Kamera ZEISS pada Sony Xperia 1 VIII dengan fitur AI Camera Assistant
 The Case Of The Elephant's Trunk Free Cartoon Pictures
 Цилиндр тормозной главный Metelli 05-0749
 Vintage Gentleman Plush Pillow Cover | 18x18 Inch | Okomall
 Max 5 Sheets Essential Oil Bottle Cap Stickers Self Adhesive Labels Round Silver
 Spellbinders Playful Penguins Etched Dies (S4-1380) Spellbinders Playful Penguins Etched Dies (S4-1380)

════════════════════

Only the lines from the one containing "The Case Of" through the last line above belong in your answer. Retype them exactly.

 The Case Of The Elephant's Trunk Free Cartoon Pictures
 Цилиндр тормозной главный Metelli 05-0749
 Vintage Gentleman Plush Pillow Cover | 18x18 Inch | Okomall
 Max 5 Sheets Essential Oil Bottle Cap Stickers Self Adhesive Labels Round Silver
 Spellbinders Playful Penguins Etched Dies (S4-1380) Spellbinders Playful Penguins Etched Dies (S4-1380)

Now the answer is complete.